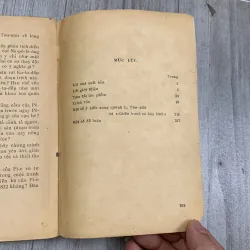 Chiến tranh và hoà bình, tác phẩm chọn lọc dùng trong nhà trường. 10a2 1025744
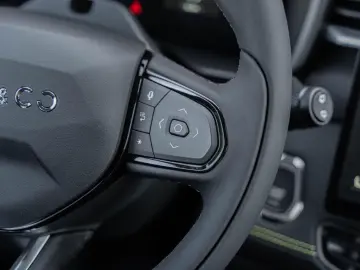 LYNC AND CO 01 1.5 Core PHEV   Model 2025     ACC   Keyless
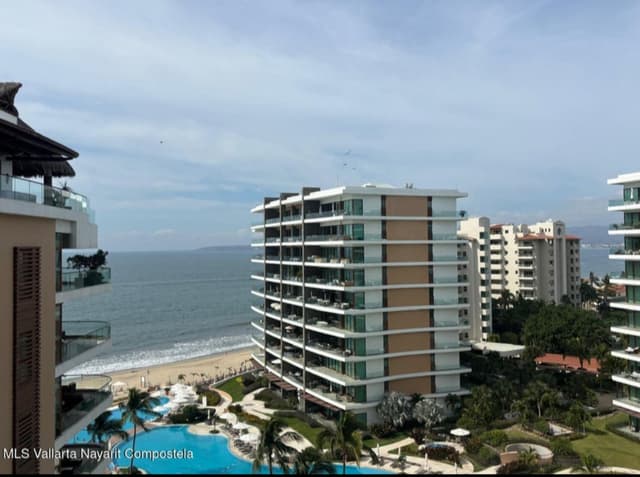 LUMA NUEVO VALLARTA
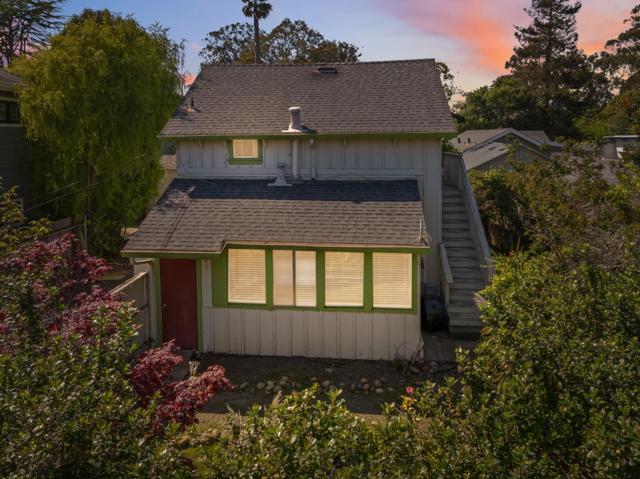 399 13th Avenue, Santa Cruz CA: https://media.crmls.org/mediaz/2ab8a98d-0942-409a-ac51-1dc0b4b3b0c0.jpg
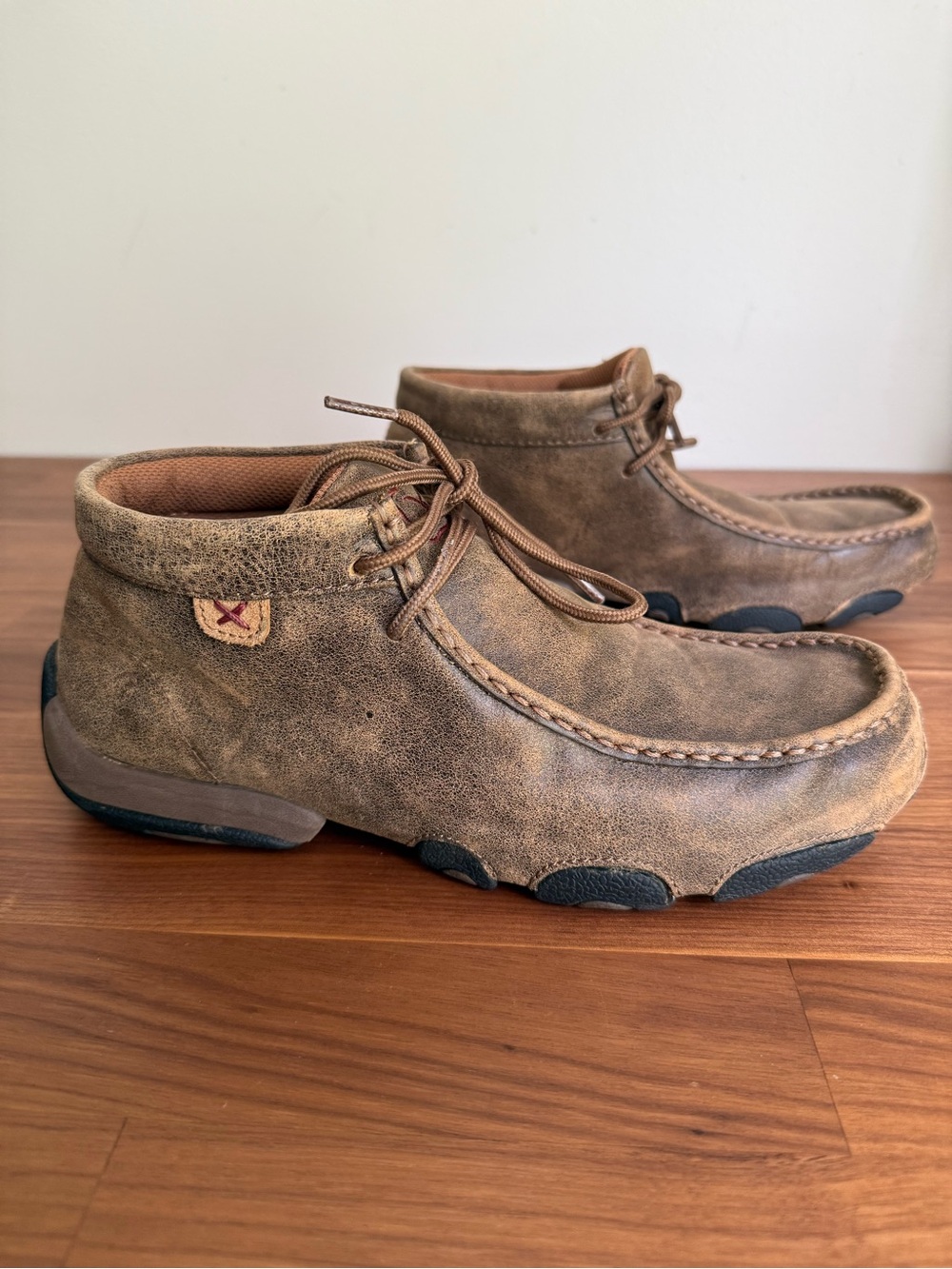 Twisted X Chukka Driving Leather Moccasin in Distressed Saddle Brown, sz 7.5 - Picture 13 of 15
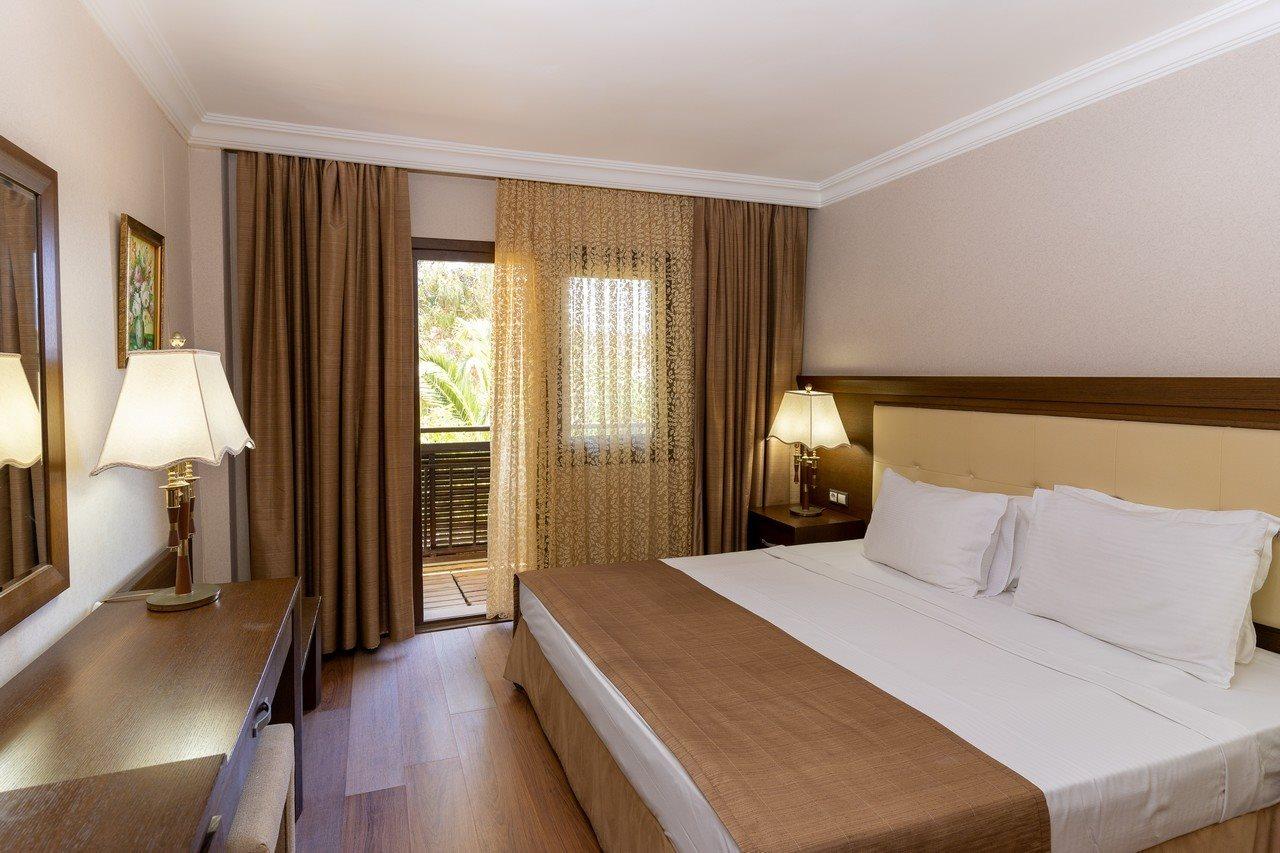 Latanya Park Resort Yaliciftlik Exterior foto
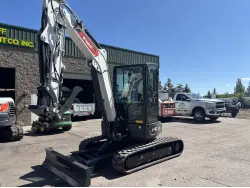 2026 Bobcat E40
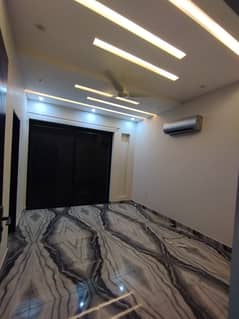 8 MARLA FULL HOUSE AVAILABLE FOR RANT IN BAHRIA ORCHAD B BLOK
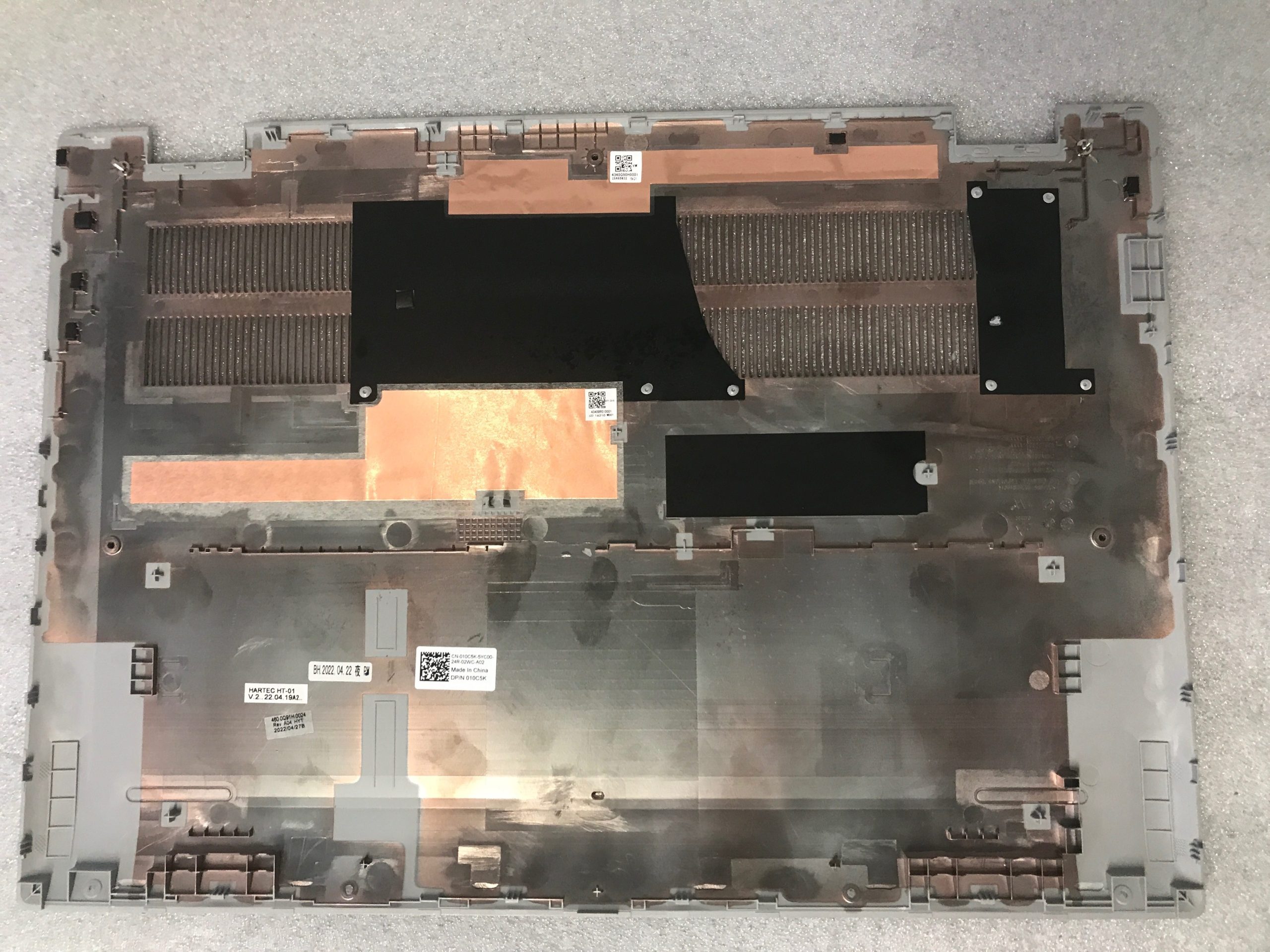Dell Inspiron 16 5625 bottom base case cover enclosure 10C5K product photo 2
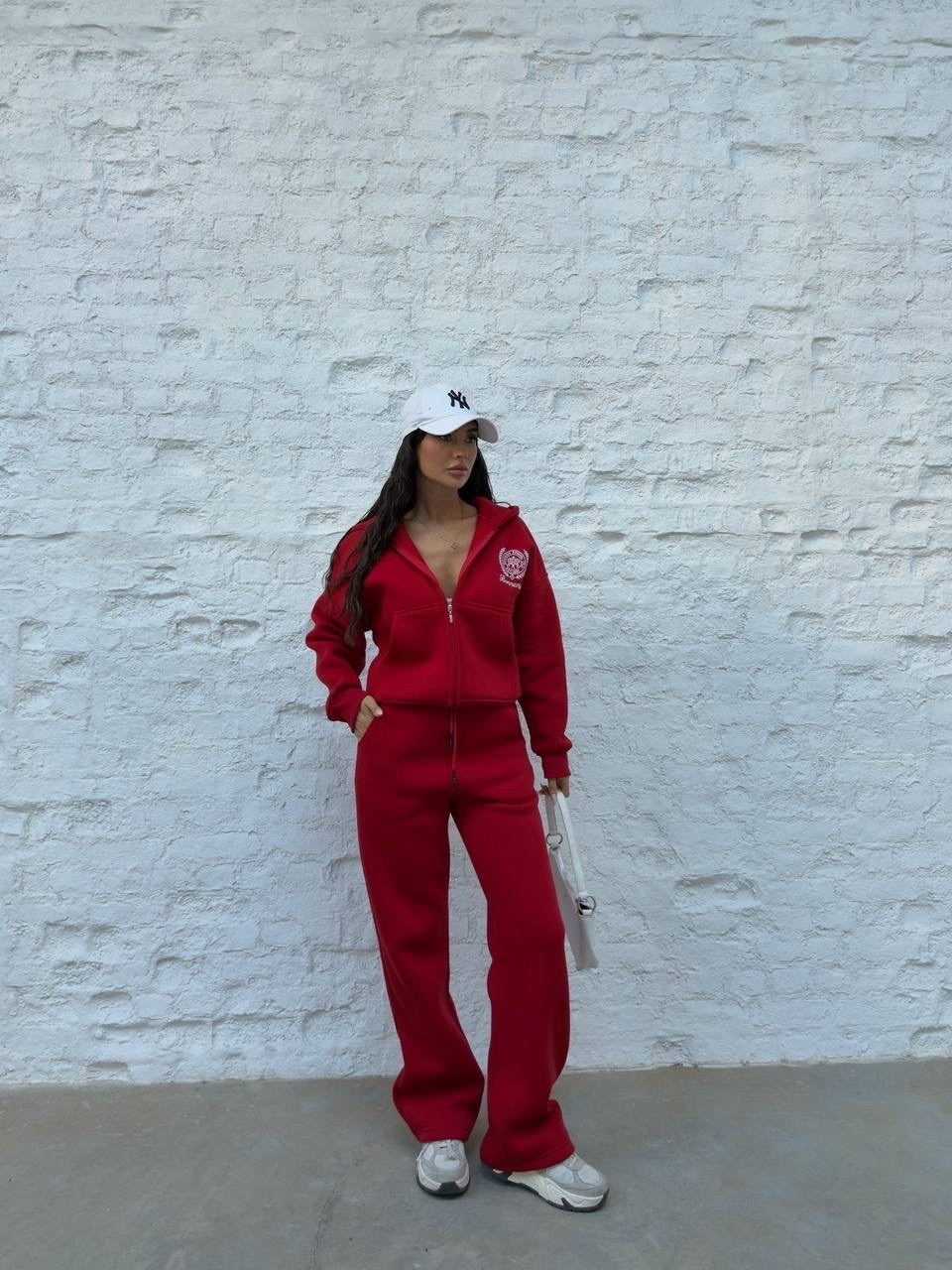 костюмы женские спортивные,спортивные костюм,костюмы брючный,женские костюмы,красный костюм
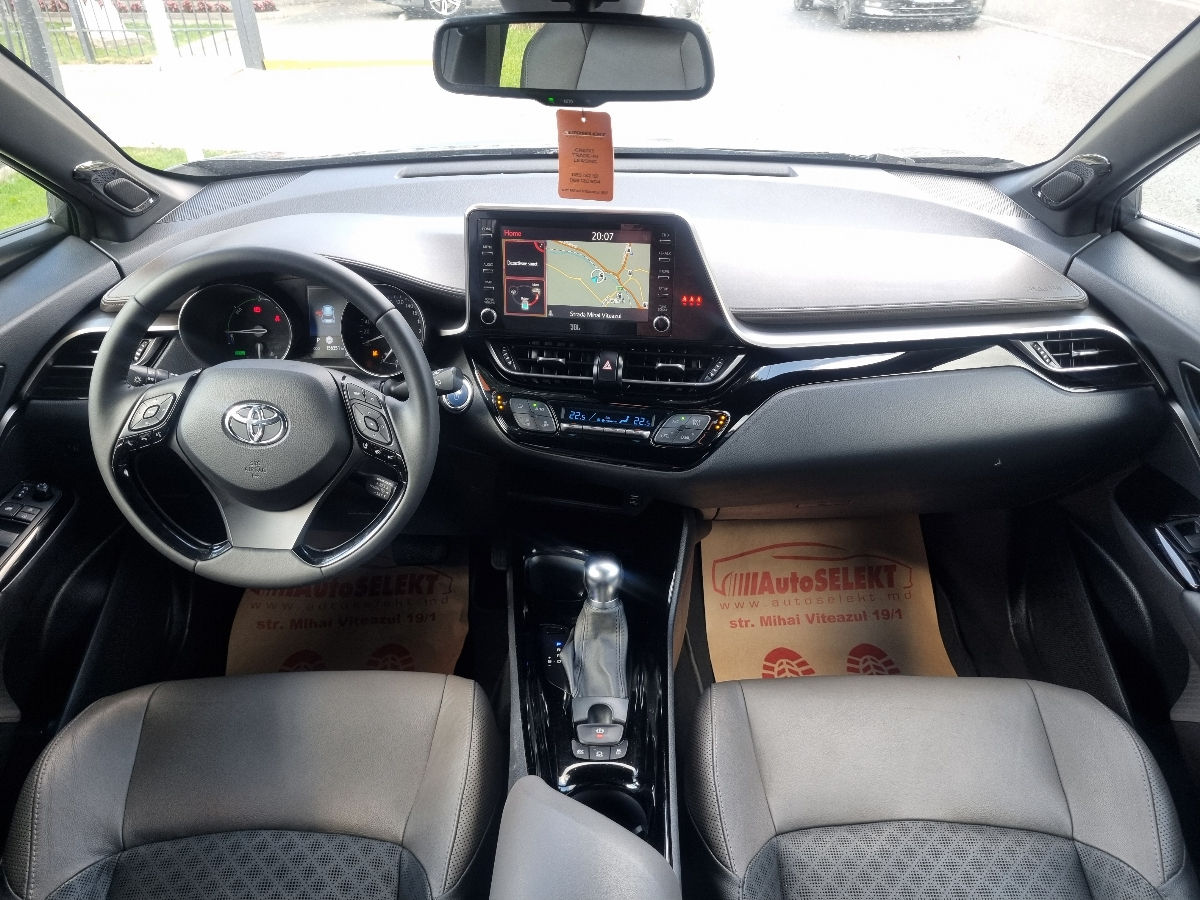 Toyota C-HR 2021 photo 11
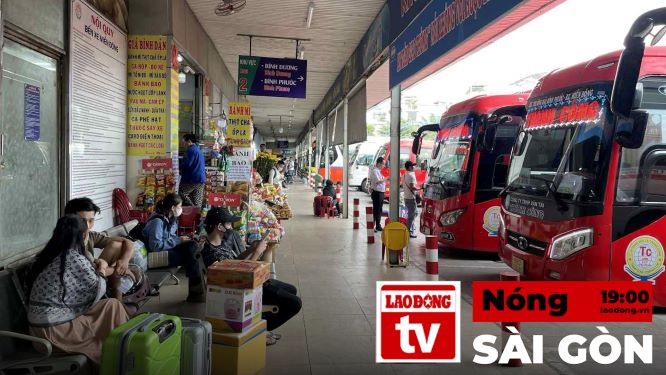 Nóng Sài Gòn: Hết vé nhiều chặng tàu, xe khách dịp 2.9
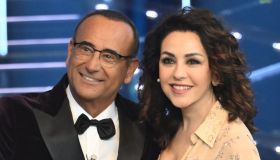 Francesca Vaccaro, moglie di Carlo Conti, è la first lady più chic di Sanremo: i look classici e brillanti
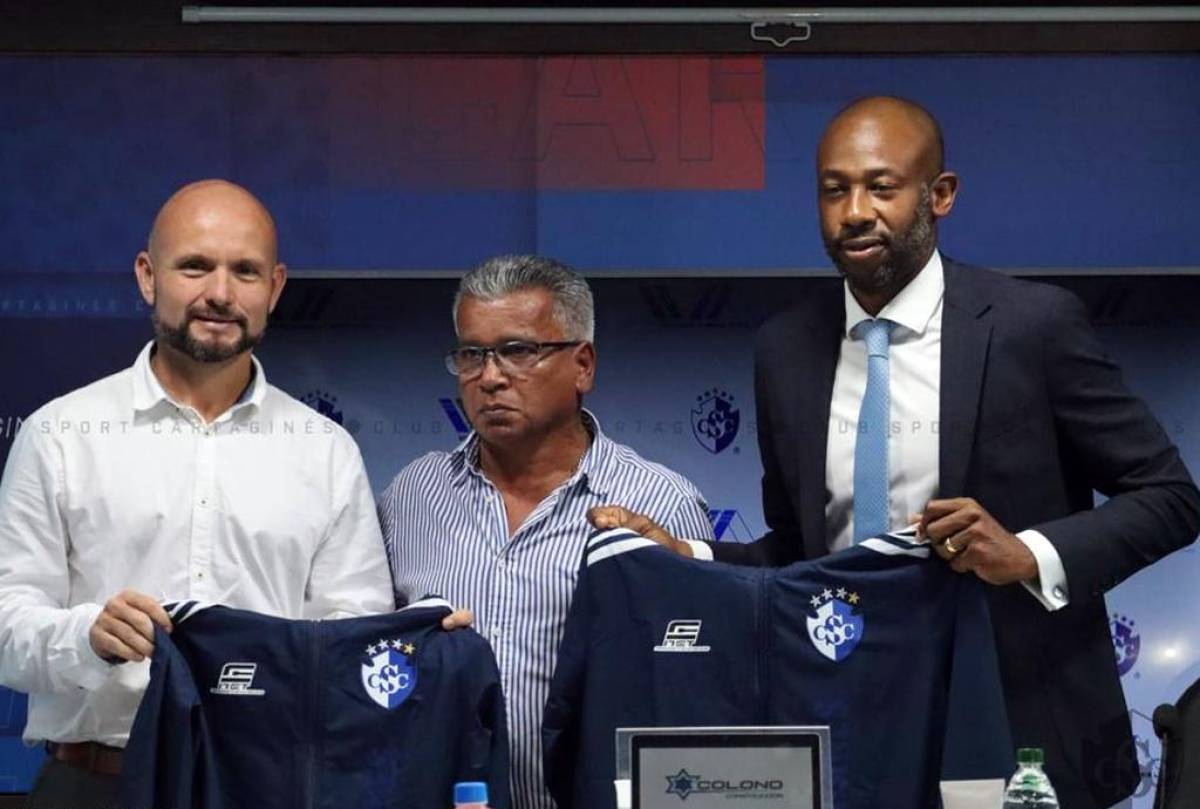 Paulo César Wanchope regresa a los banquillos y es anunciado como nuevo técnico del Cartaginés de Costa Rica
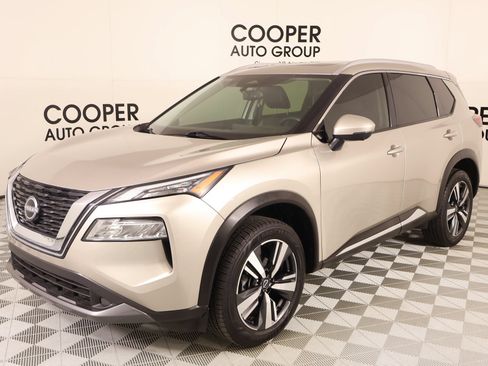 Used 2023 Nissan Rogue SL FWD image 10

- [Task brief] Once the line containing "LUMA NUEVO VALLARTA" has been located, transcribe exactly and only every line from the first line of the entries through it, excluding pictures.

- [Answer below]
 Chiến tranh và hoà bình, tác phẩm chọn lọc dùng trong nhà trường. 10a2 1025744
 LYNC AND CO 01 1.5 Core PHEV   Model 2025     ACC   Keyless
 LUMA NUEVO VALLARTA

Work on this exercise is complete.